Mostly fun. There was a complication.

So our friends Tall and Steff, whom I have mentioned in this journal before, are getting divorced. This is not due to any falling-out between them, rather, it is because Steff, who identified as bisexual fifteen years ago when she and Tall were dating and getting married, now identifies as lesbian. She still cares about Tall very much, but doesn't want to be married to him anymore. Tall still lives in their house while he locates a new one for himself, and they are working to present a friendly united front for their children and everyone else. They want to stay friends, says Steff. No one wants to lose long-established friendships over this. There's no acrimony. Everything's fine, we're all fine here.
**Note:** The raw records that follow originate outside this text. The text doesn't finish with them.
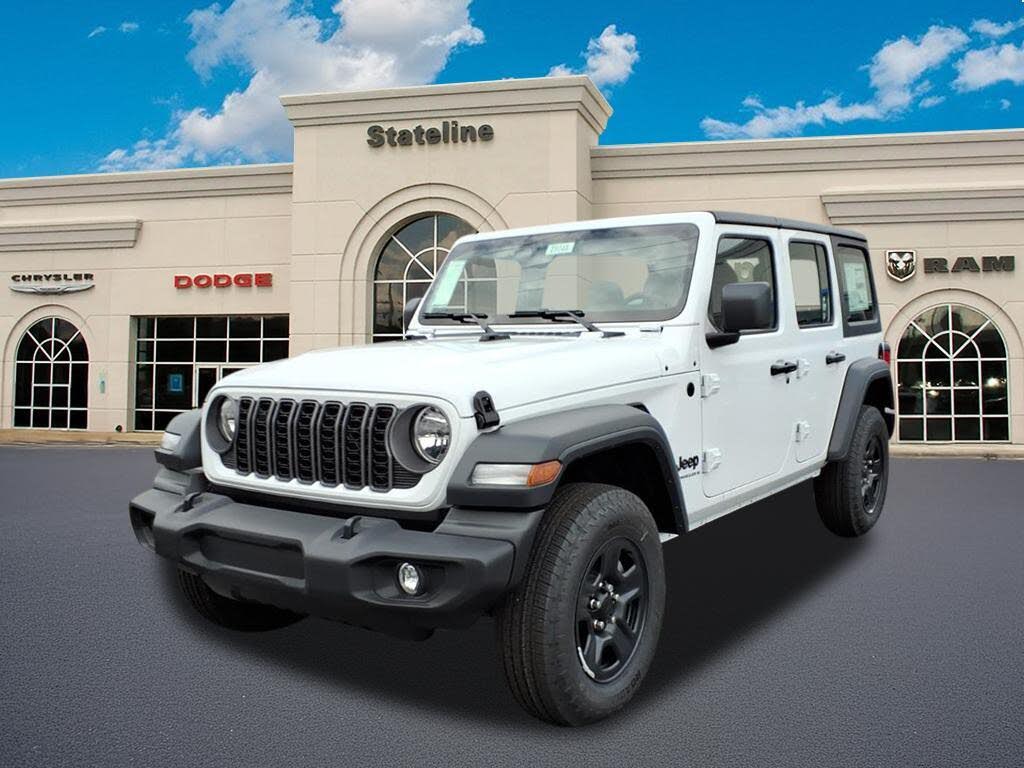 2026 Jeep Wrangler Sport 4-Door 4WD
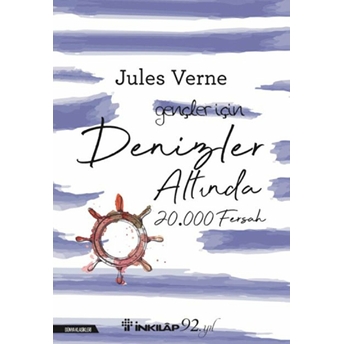 Denizler Altında 20.000 Fersah-Gençler Için Jules Verne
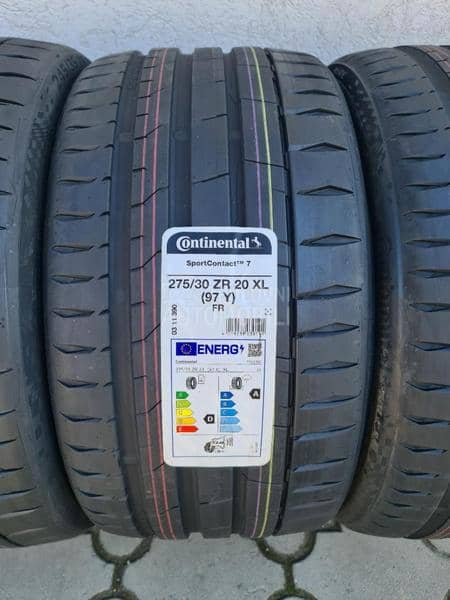 Continental 275/30 R20 Letnja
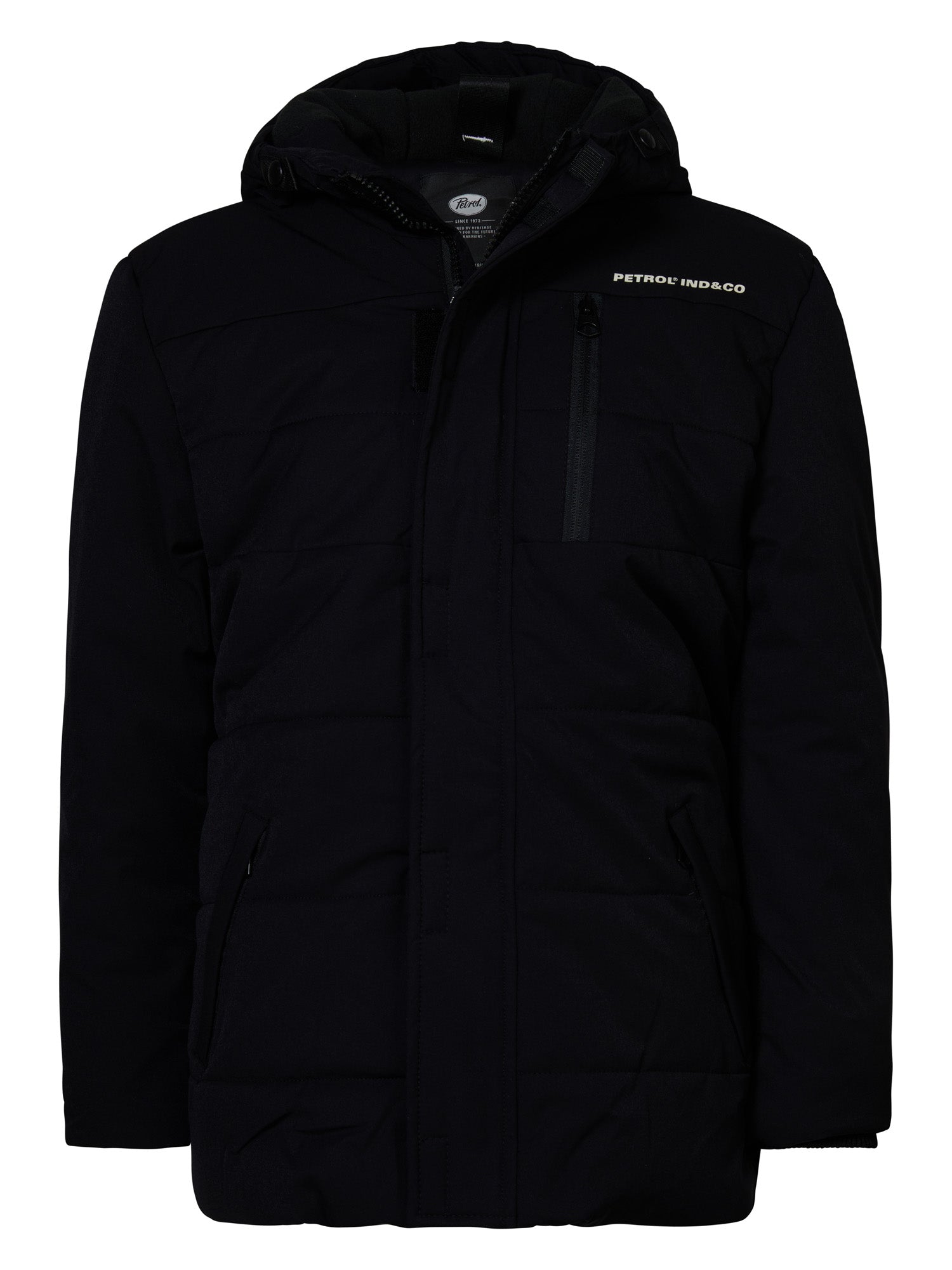 Race wool clearance parka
Tall is...not fine. He's trying, but he's taking this so hard. He had no idea Steff felt this way, not until she sat him down and told him a couple of months ago. His whole image of himself--as a husband and father and, well, as a man, I guess--is blown to hell and gone. He's angry, but swallowing it down because he feels like he has no right to be angry, it's not like counseling could patch this. Steff is dating, and is encouraging him to date, but he doesn't feel ready. He still loves Steff, it's not a feeling he can turn off right away. And because Steff is so determined to Be Friends and Keep Everything as Normal as Possible, he's kind of stuck in a limbo where he lives with his wife and co-parents with his wife and goes to events and hangs out with his wife--except she's not his wife anymore and doesn't want to be.

They both came to the party, and with other people around, it was okay. When they came back to our room for a nightcap (and chat that wasn't drowned out by the house band), it got awkward. Tall has been easy and comfy with Steff for so long, he just automatically starts putting his arm around her or playing with her hair when they're next to each other, and she kept moving away from him. They were both tipsy (granted, so were we), so I could hear Tall telling Yeats that being single just doesn't feel right, and it's so hard to let go when Steff is insisting they stay as entwined as possible in the name of 'fine'. While Steff blinked back tears, and told me she knows she "blew everything up", and she doesn't want anything or anyone to change except the being-married-to-a-guy part, and surely everyone will understand that, right? It doesn't make her a bad person, right?

Yeats and I talked about it after they left, and we agreed sadly that we will invite Tall to Yeats' birthday party next month, as he and Yeats have been friends for 20 years, and if Tall suggests that Steff come as well, that's fine with us. But if he doesn't...well, Yeats has the last say on who gets invited; it's his birthday. And I don't want to spend a party monitoring both of their emotional states, or talking down our shared friends who may be firmly on one or the other's side. I love them both, and it's hard.

It's a rainy grey Monday, and I've already sent two small dramas over to Aveline, scheduled two more new consults for the coming week, and given Aveline a lift to the courthouse because her car won't start. I believe this earns me lunch.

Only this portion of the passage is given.